From: Chris Browne <cbbrowne@acm.org>
Subject: Re: [HACKERS] Replication documentation addition
Date: Mon, 30 Oct 2006 12:23:18 -0500
Organization: cbbrowne Computing Inc
Lines: 102
Message-ID: <60k62h4t15.fsf@dba2.int.libertyrms.com>
References: <200610261553.k9QFr9V23851@momjian.us>
Mime-Version: 1.0
Content-Type: text/plain; charset=us-ascii
User-Agent: Gnus/5.1007 (Gnus v5.10.7) XEmacs/21.4.19 (linux)
Cancel-Lock: sha1:aAEpJ1hYHDtGD1cuzcWNo/gWh10=
To: pgsql-docs@postgresql.org

bruce@momjian.us (Bruce Momjian) writes:
> With no new additions submitted today, I have moved my text into our
> SGML documentation:
>
> 	http://momjian.us/main/writings/pgsql/sgml/failover.html
>
> Please let me know what additional changes are needed.

It's looking a lot improved to me...

There are still numerous places where it needs s/Slony/Slony-I/g
because there is more than one thing out there called "Slony," only
one of which is the single-master-to-multiple-subscribers-asynchronous
replication system...

<http://momjian.us/main/writings/pgsql/sgml/query-broadcast-load-balancing.html>

"This can be complex to set up because functions like random() and
CURRENT_TIMESTAMP will have different values on different servers, and
sequences should be consistent across servers."

It doesn't make sense to call this "complex to set up."  This problem
isn't about complexity of setup; it is about whether updates are
processed identically on different hosts.  

Perhaps better:

"Query broadcasting can break down such that servers fall out of sync
if the queries have nondeterministic behavior.  For instance,
functions like random(), CURRENT_TIMESTAMP, and
nextval('some_sequence') will take on different values on different
servers.  Care must be taken at the application level to make sure
that queries are all fully deterministic and that they either COMMIT
or ABORT on all servers."

<http://momjian.us/main/writings/pgsql/sgml/clustering-for-load-balancing.html>
"24.6. Clustering For Load Balancing

In clustering, each server can accept write requests, and these write
requests are broadcast from the original server to all other servers
before each transaction commits. Under heavy load, this can cause
excessive locking and performance degradation. It is implemented by
Oracle in their RAC product. PostgreSQL does not offer this type of
load balancing, though PostgreSQL two-phase commit can be used to
implement this in application code or middleware."

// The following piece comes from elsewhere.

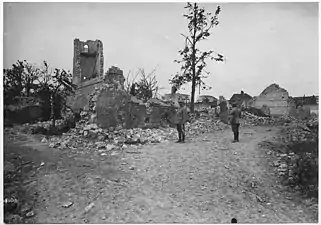 L'église après le bombardement du 27 mai 1915.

Something doesn't feel entirely right here...

How about...

"24.6. Multimaster Replication For Load Balancing

In this scenario, each server can accept write requests, which are
broadcast from the original server to all other servers before each
transaction commits in order to ensure consistency.  Unfortunately,
under heavy load, the cost of distributing locks across servers can
lead to substantial performance degradation. It is implemented by
Oracle in their RAC product. PostgreSQL does not offer this type of
load balancing, though PostgreSQL two-phase commit using <xref
linkend="sql-prepare-transaction-title"> and <xref linkend=
"sql-commit-prepared-title"> may be used to implement this in
application code or middleware.

The communications costs involved in distributing locks and writes
have the result that write operations are considerably more expensive
than they would be on a single server.  In general, the cost of
distributed locking means that this clustering approach is only usable
across a cluster of servers at a local site.  

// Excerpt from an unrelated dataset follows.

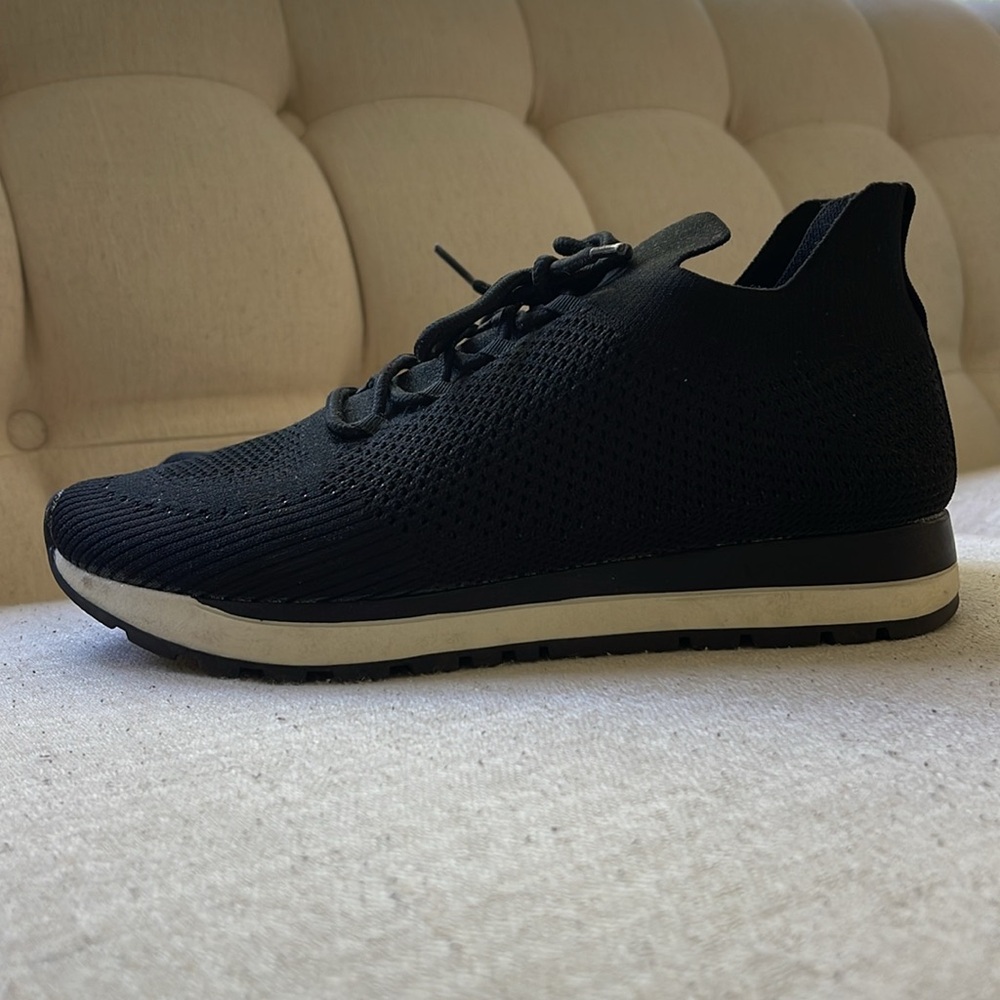 Women’s DKNY black runners / sneakers. Size 8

There will only be a performance "win" if the cluster mostly processes
read-only traffic that the cluster can distribute across a larger
number of database servers.  Write performance generally degrades a
fair bit as compared to using a single database server.  Reliability
should be enhanced since the cluster should be able to continue work
even if some of the members of the cluster should fail."

<http://momjian.us/main/writings/pgsql/sgml/clustering-for-parallel-query-execution.html>

"24.7. Clustering For Parallel Query Execution

This allows multiple servers to work on a single query. One possible
way this could work is for the data to be split among servers and for
each server to execute its part of the query and results sent to a
central server to be combined and returned to the user. There
currently is no PostgreSQL open source solution for this."

This seems a bit thin.

"24.7. Clustering For Parallel Query Execution

This allows multiple servers to work concurrently on a single query,
analagous to the way RAID permits multiple disk drives to respond
concurrently to disk I/O requests.

One way this could work is for the data to be partitioned across the
servers, where each server executes its part of the query, submitting
results to a central server to be combined and returned to the user.
There currently is no PostgreSQL open source solution for this."
-- 
select 'cbbrowne' || '@' || 'acm.org';
http://cbbrowne.com/info/advocacy.html
Why do we put suits in a garment bag, and put garments in a suitcase?